Já na hora de filmar. Na verdade, antes de filmar… como o elenco está comigo. É difícil explicar isso. Eu tenho uma coisa espiritual muito forte. O que é isso? Não sei. Meu último truque não é pedir par eles me imitaram, é ir atrás de uma parede e meditar. Não sei explicar, mas acaba dando certo. Eu não me acho ótimo. Eu trabalho. Uma crítica é sobre cineasta que não sabe filmar. Tem cineasta que não sabe pegar em uma câmera – isso é básico! Acho bom a nova geração ter cortado um pouco a coisa do glamour, mas sabe a aquela paixão, a coisa do cinema, de fazer transformar… Da véspera até a filmagem parece que tem uma magia, que bate um pozinho que vai tomando conta do ambiente. Parece que tem uma aura que vai tomando conta do ambiente… eu não explicar, cara! risos… Na hora, em que vejo eles atuando eu penso: Minha Nossa Senhora, o que é isso? risos…


Você havia citado o Abbas. Fala sobre o exemplo…

Ah, é verdade! risos… Não estou criticando. É meu ídolo! Eu não lembro em qual filme, mas o menino precisava chorar. [Marins pede uma folha do meu bloco de notas para dar um exemplo. Eu concedo] Abbas pediu para fazer uma foto com o pai e com a mãe, em um cidadezinha do Irã. Fizeram, colocaram num porta-retrato, deu presente para ele e deixou o menino ficar uma semana com a foto. No dia da filmagem, pediu para o assistente pegar a foto lá quarto dele. O set é o seguinte: A foto na mão do Abbas e a câmera na cara do menino, imagina? [O diretor rasga a folha em pedacinhos, ilustrando o exemplo] O menino desabou de chorar. Eu não sei fazer isso, entendeu? Meu coração é muito mole, mas eu admiro.É aí, que entra a personalidade do diretor. Eu acho isso muito forte, mas eu não faço, não.


Se você tivesse um quadro que pudesse escrever algo que todo mundo pudesse ler. Um recado para o mundo. O que você escreveria?

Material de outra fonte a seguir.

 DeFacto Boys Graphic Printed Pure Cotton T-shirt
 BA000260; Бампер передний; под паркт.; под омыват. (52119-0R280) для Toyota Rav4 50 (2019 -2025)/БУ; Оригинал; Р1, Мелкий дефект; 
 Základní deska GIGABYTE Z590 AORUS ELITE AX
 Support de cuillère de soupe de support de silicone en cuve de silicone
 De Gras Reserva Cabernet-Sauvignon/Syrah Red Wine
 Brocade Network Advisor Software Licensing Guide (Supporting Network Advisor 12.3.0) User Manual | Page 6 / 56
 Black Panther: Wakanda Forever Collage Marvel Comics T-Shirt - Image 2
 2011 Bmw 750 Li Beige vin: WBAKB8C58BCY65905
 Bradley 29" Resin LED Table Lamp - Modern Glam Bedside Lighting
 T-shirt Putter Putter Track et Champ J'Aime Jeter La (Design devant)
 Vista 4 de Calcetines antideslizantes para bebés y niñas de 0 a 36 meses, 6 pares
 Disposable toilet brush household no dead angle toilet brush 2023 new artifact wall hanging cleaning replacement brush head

[pausa] Não sei se seria para o mundo, mas para o Brasil, talvez. [pausa] Pensando no Marcelo, do Querência… Ele é um exemplo de caráter, de bondade, de honestidade e, acho que o brasileiro perdeu isso. Não sei se a gente nunca teve, mas talvez, tenhamos tido mais do que a gente tem hoje. Fomos transformados no país do ódio. Há dez anos atrás no Brasil, tínhamos alguma voz, as pessoas escutavam.